● AIM OF THE TASK:
Starting with the line in which "Artvin'in Sarp Sınır" appears, give back every line exactly as written until the listing ends, excluding pictures.

● SOURCE MATERIAL:
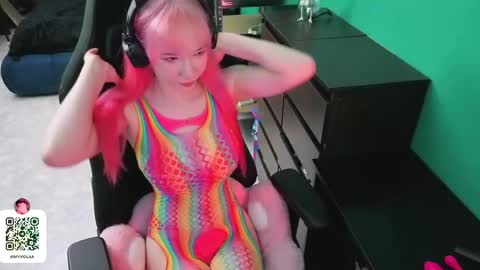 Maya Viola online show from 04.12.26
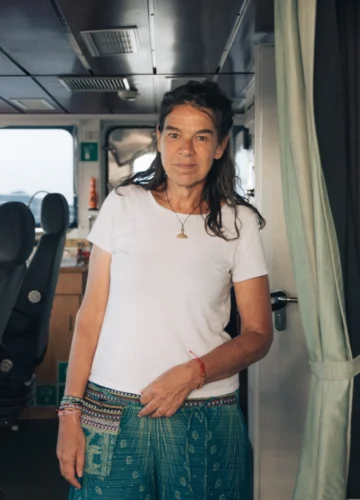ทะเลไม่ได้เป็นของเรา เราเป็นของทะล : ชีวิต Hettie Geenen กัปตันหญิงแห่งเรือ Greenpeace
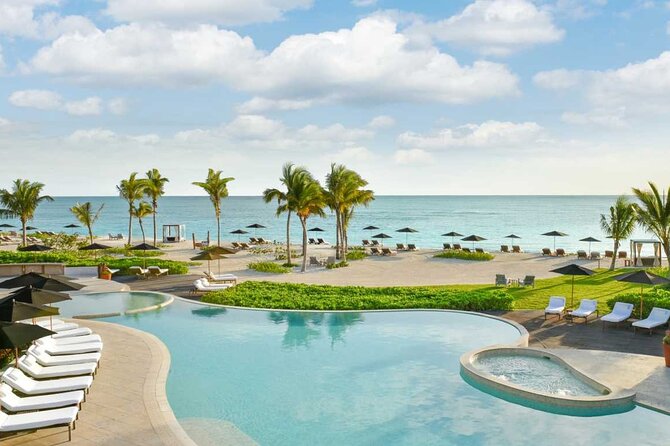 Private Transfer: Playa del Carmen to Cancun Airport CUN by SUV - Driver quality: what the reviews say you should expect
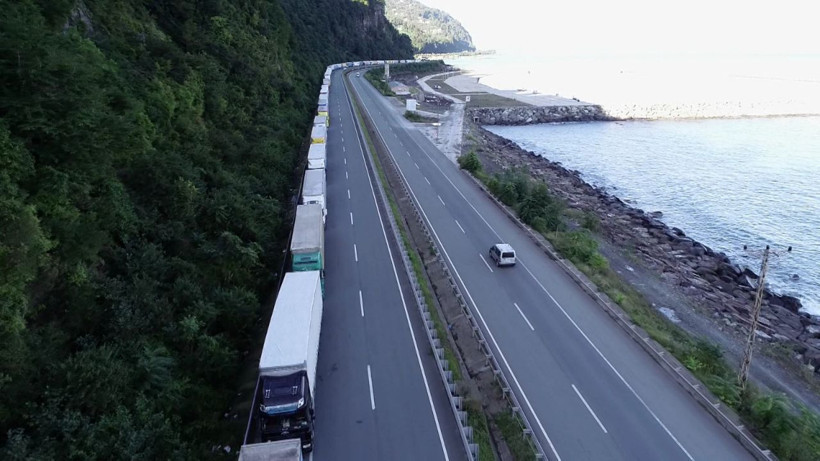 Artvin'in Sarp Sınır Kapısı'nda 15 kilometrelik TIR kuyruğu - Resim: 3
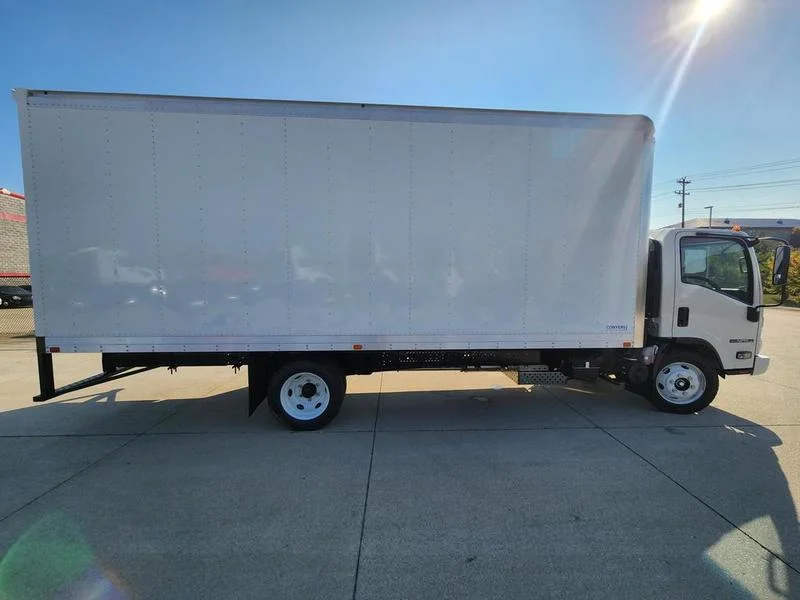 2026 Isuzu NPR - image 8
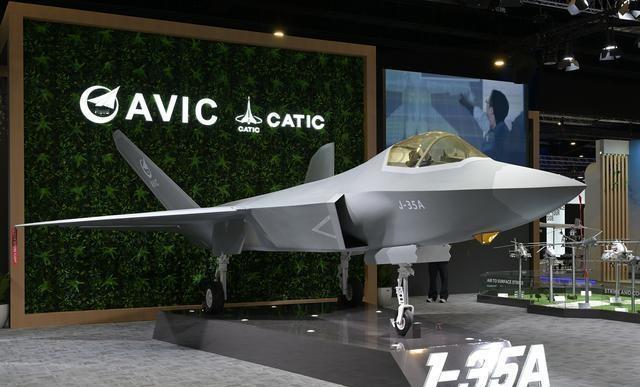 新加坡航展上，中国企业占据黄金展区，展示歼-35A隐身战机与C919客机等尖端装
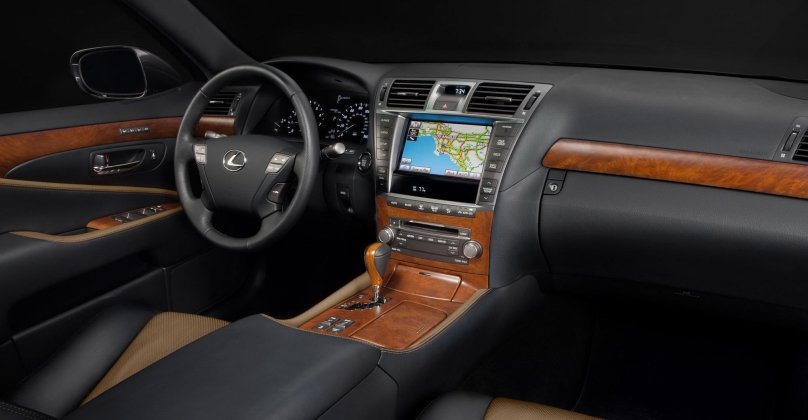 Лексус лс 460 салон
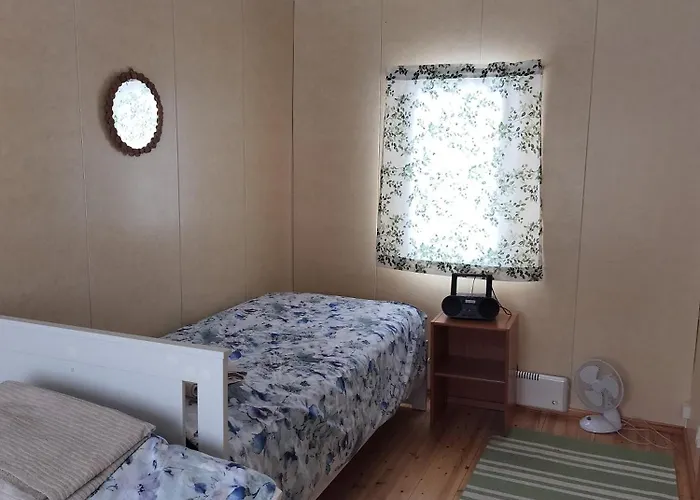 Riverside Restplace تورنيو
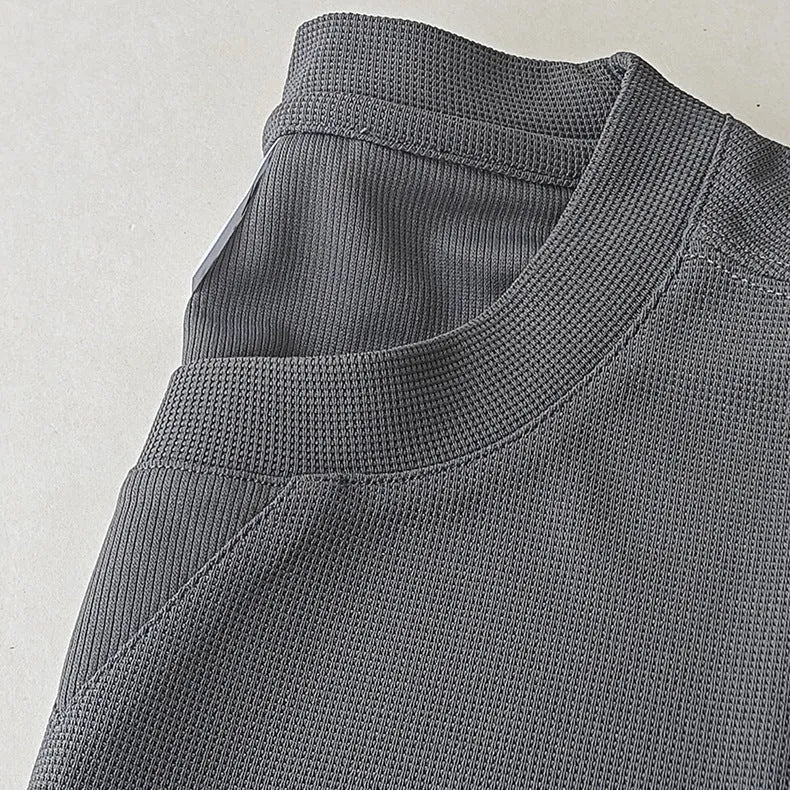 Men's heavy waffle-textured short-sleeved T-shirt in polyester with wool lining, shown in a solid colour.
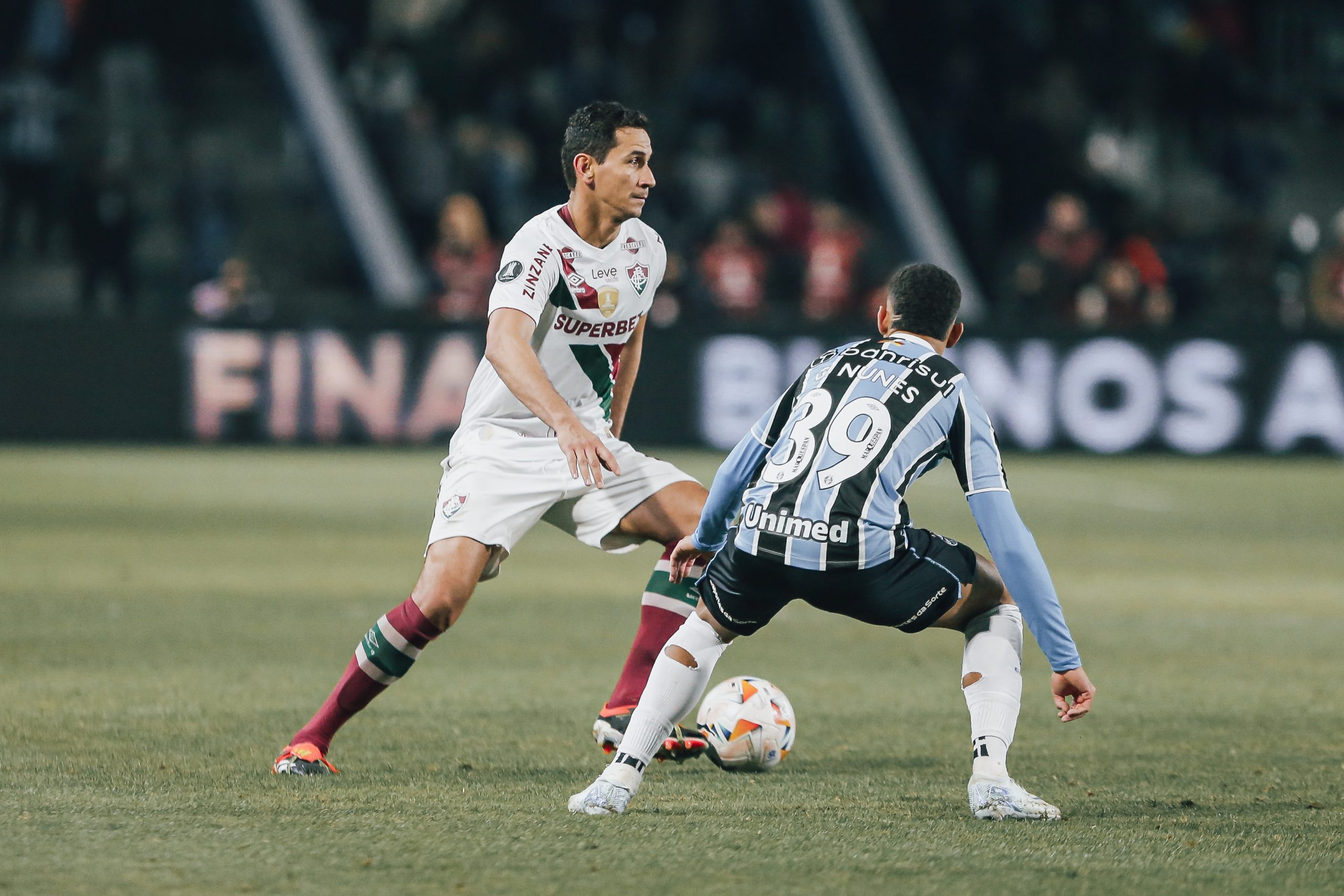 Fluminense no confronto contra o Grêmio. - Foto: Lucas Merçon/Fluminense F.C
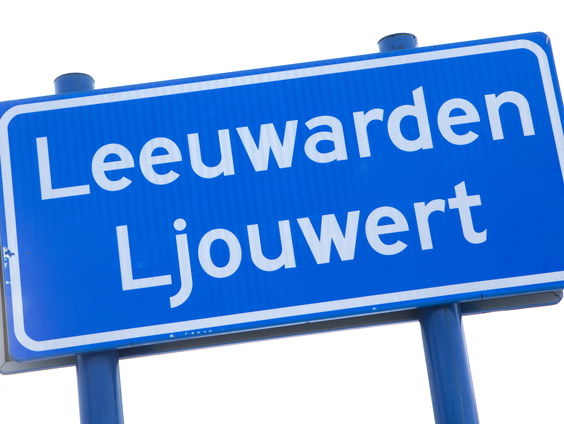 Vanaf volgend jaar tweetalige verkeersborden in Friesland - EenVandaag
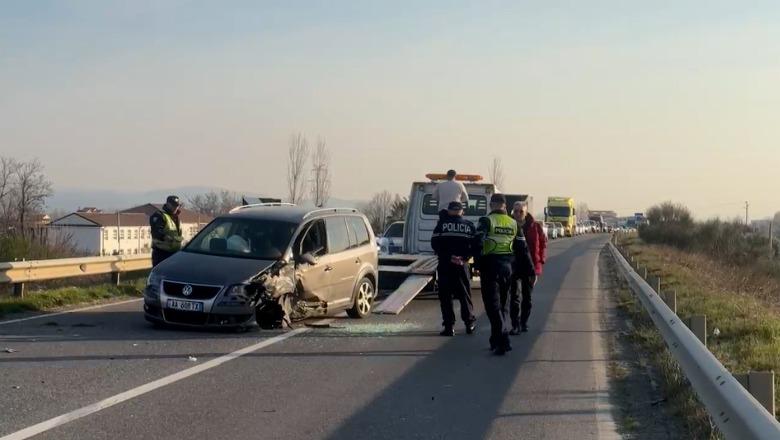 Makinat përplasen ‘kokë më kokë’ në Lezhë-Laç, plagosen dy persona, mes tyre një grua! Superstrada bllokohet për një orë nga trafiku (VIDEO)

● YOUR SOLUTION:
 Artvin'in Sarp Sınır Kapısı'nda 15 kilometrelik TIR kuyruğu - Resim: 3
 2026 Isuzu NPR - image 8
 新加坡航展上，中国企业占据黄金展区，展示歼-35A隐身战机与C919客机等尖端装
 Лексус лс 460 салон
 Riverside Restplace تورنيو
 Men's heavy waffle-textured short-sleeved T-shirt in polyester with wool lining, shown in a solid colour.
 Fluminense no confronto contra o Grêmio. - Foto: Lucas Merçon/Fluminense F.C
 Vanaf volgend jaar tweetalige verkeersborden in Friesland - EenVandaag
 Makinat përplasen ‘kokë më kokë’ në Lezhë-Laç, plagosen dy persona, mes tyre një grua! Superstrada bllokohet për një orë nga trafiku (VIDEO)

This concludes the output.